TASK REQUIREMENTS: List each line of the data that holds the string "smartphone", please.

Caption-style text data
>>>>

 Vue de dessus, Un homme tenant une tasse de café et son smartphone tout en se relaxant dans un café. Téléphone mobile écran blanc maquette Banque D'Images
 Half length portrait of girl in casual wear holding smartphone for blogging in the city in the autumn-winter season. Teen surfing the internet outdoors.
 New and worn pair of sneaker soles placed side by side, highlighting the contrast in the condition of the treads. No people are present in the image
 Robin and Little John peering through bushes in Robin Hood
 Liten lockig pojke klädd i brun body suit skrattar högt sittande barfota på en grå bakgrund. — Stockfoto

<<<<

SOLUTION FOR THIS PROBLEM:
 Vue de dessus, Un homme tenant une tasse de café et son smartphone tout en se relaxant dans un café. Téléphone mobile écran blanc maquette Banque D'Images
 Half length portrait of girl in casual wear holding smartphone for blogging in the city in the autumn-winter season. Teen surfing the internet outdoors.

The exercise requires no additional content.